Gilliatt regarda, éperdu.

Le pauvre être n’était point gâté par la joie. Il eut le fléchissement d’un immense bonheur. Il sentit tous ses membres plier ; et, devant son triomphe, lui qui n’avait pas eu un trouble jusqu’alors, il se mit à trembler.

Il considéra la panse sous l’épave, et la machine dans la panse. Il semblait n’y pas croire. On eût dit qu’il ne s’attendait pas à ce qu’il avait fait.
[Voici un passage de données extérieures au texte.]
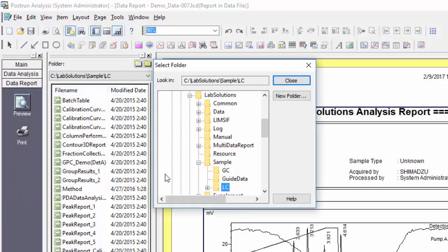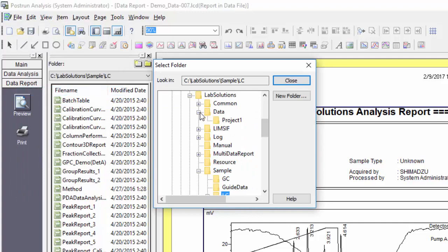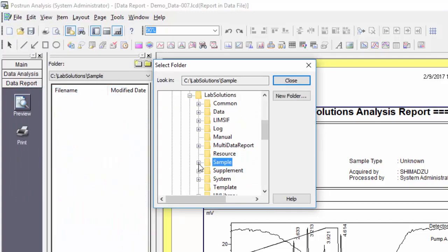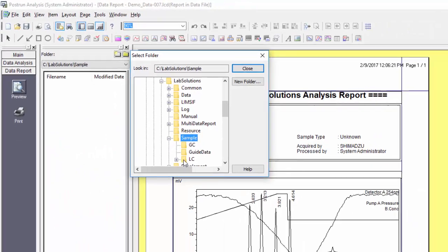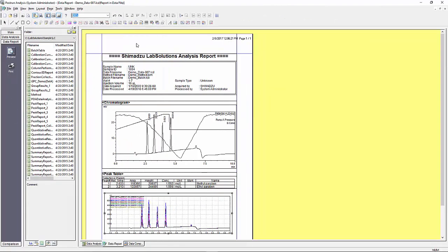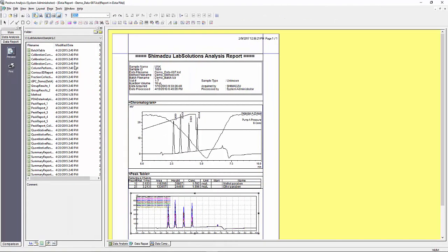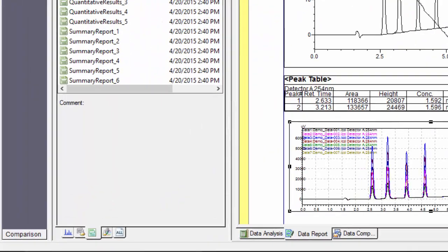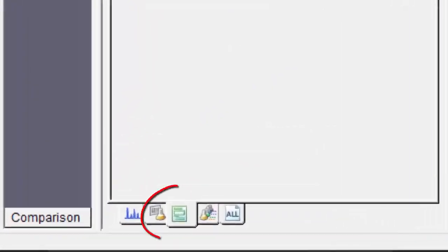Shimadzu also provides some pre-made report templates for you to start with. You can find these templates under the LabSolutions folder sample folder LC folder. Once you have selected that project folder, notice now all the available report templates in the data explorer window. Make sure you have the report templates tab selected at the bottom of the data explorer window if you don't initially see them.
Un prodige lui était sorti des mains, et il le regardait avec stupeur.

Cet effarement dura peu.

Gilliatt eut le mouvement d’un homme qui se réveille, se jeta sur la scie, coupa les huit câbles, puis, séparé maintenant de la panse, grâce au soulèvement du flux, d’une dizaine de pieds seulement, il y sauta, prit un rouleau de filin, fabriqua quatre élingues, les passa dans les anneaux préparés d’avance, et fixa, des deux côtés, au bord de la panse, les quatre chaînes de la cheminée encore attachées une heure auparavant au bord de la Durande.

La cheminée amarrée, Gilliatt dégagea le haut de la machine. Un morceau carré du tablier du pont de la Durande y adhérait. Gilliatt le décloua, et débarrassa la panse de cet encombrement de planches et de solives qu’il jeta sur le rocher. Allégement utile.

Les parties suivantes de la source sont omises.